Work request: When the line with "This concludes our" turns up below, begin repeating exactly, and carry on through the line with "Step 1: Project"; no pictures go into the copy.
[Input material — start]
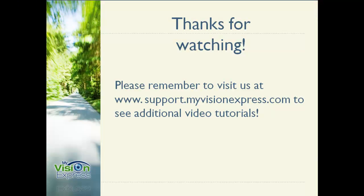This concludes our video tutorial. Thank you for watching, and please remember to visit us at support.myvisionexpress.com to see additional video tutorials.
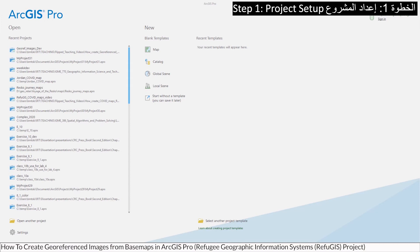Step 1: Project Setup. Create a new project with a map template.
[Input material — finish]
[Input material — start]
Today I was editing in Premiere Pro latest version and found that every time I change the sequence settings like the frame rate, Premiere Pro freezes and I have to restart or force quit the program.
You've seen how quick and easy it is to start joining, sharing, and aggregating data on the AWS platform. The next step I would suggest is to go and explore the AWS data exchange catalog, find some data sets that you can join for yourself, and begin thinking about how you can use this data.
[Input material — finish]
Finished exercise:
This concludes our video tutorial. Thank you for watching, and please remember to visit us at support.myvisionexpress.com to see additional video tutorials.
Step 1: Project Setup. Create a new project with a map template.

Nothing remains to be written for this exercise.